At Kelsey Kerridge we love to see people enjoying their work outs and getting a lot of benefit from the time they invest in themselves. However, there are also some common gym mistakes that we see time and again.

Nail the technique

One of the most common gym mistakes is around poor technique. Not lifting weights correctly, jerking movements that puts stress on joints, leaning forwards into a squat, rushing the exercise and not completing the movement. Bad technique means that the person exercising is risking injury and also wasting their time because they will not reap the benefit of a well-executed routine.

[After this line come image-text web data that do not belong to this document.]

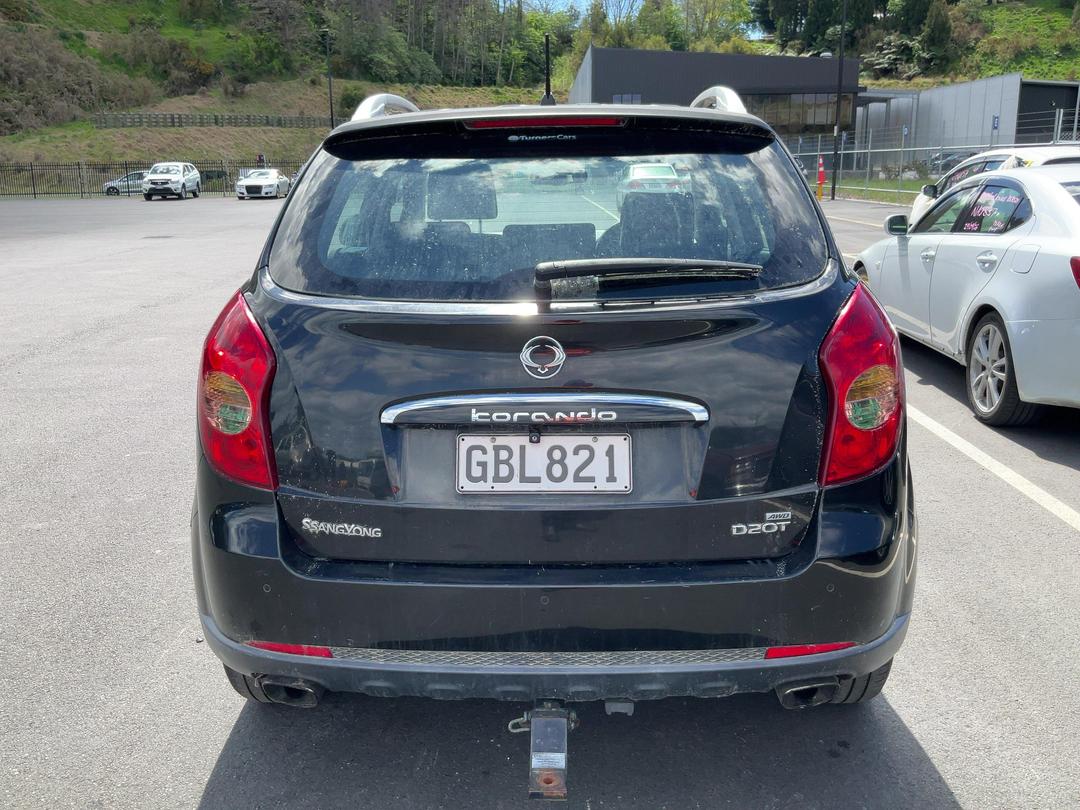 Photo '7' of Ssangyong Korando SPR
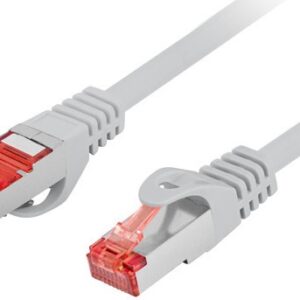 Cabo de Rede RJ45 FTP CAT6 Cinzento (10 mts) - LANBERG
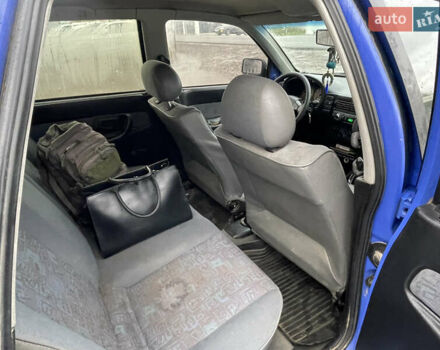 Синий Сеат Ибица, объемом двигателя 1.4 л и пробегом 134 тыс. км за 1000 $, фото 6 на Automoto.ua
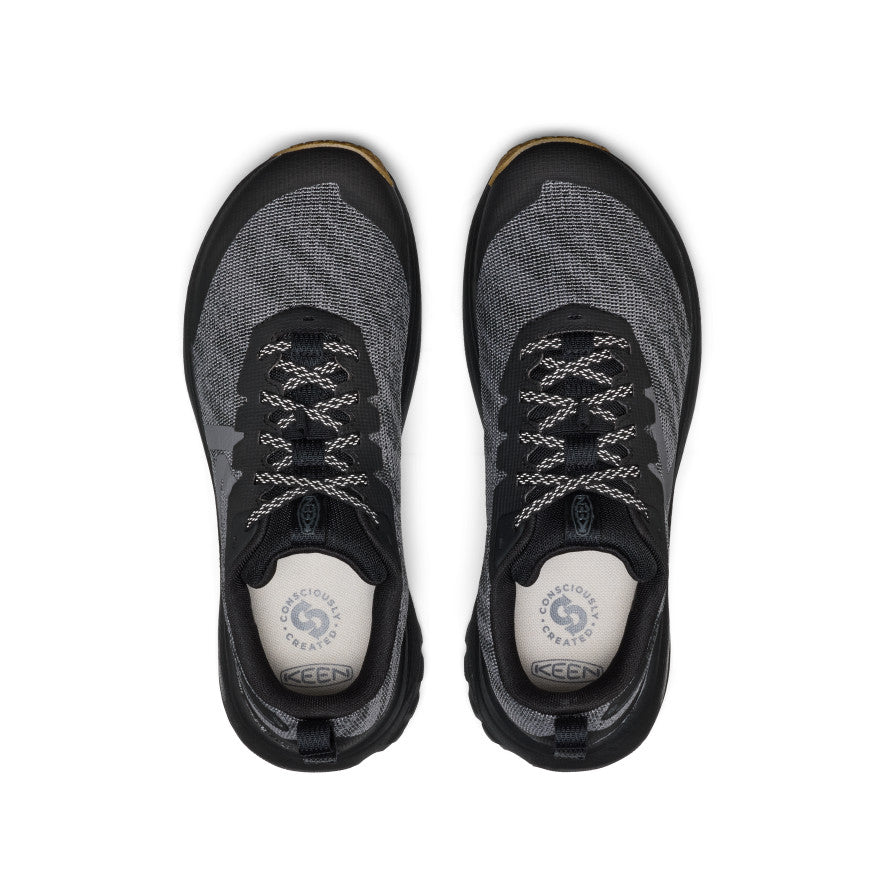 Men's Roam Trail Running Shoe Black/Magnet | Keen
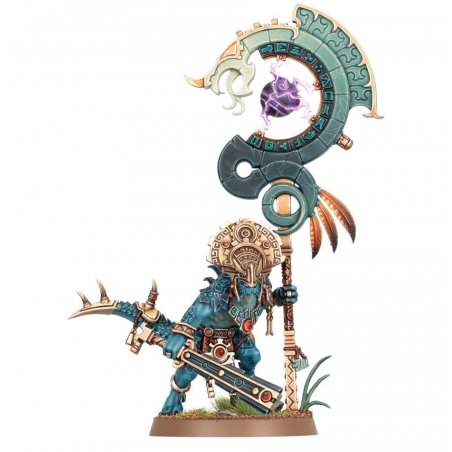 Warhammer AoS - Seraphon Porteur d'Astrolithe Saurus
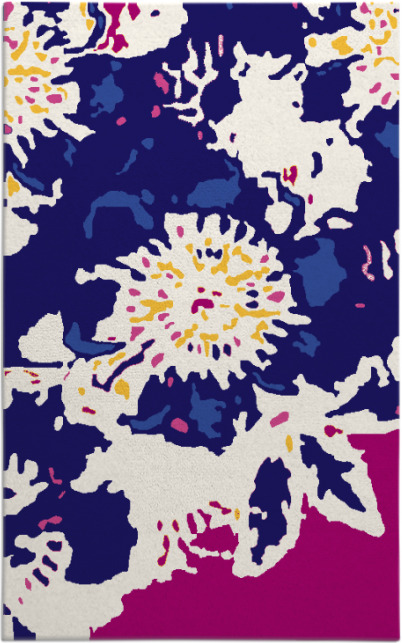 abstracted rug - item 550036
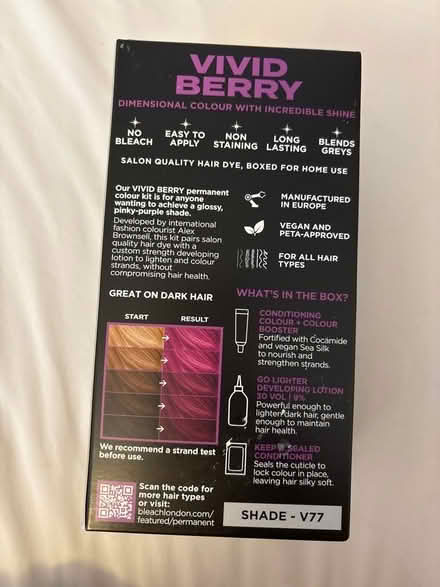 Photo of free Hair dye (Tinshill LS16) #2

The answer to these common gym mistakes is to learn how to do things properly and then slow down. Speak to a personal trainer and gets some tips on how to perform an exercise correctly. Learn how it should feel as you are lifting weights. Learn about the lowering technique as well as the lift. Then do it all slowly – the mantra should be quality over quantity.

Woman lifting weights

Common gym mistakes learnt from the fitness class

One common gym mistake is to take what you learn in the fitness class onto the gym floor. In a fitness class, such as a circuit, the instructor will demonstrate the movement to the entire class and then you are often left to your own devices. The circuit starts, the trainer is motivating the entire class to work hard. As you get tired, so your form may drop and so you do the exercise with poor technique. Don’t be scared to approach an instructor after a class to ask for a demonstration of any exercise you are not sure of. A fitness class should leave you tired and aching but not injured and out of action.

Hard work pays

Another common gym mistake is to think that going to the gym is enough to get fit. This is the person who sits on the exercise bike and reads a book, or who lifts some light weights and chats happily for several minutes between sets before moving on with barely a bead of sweat on their body.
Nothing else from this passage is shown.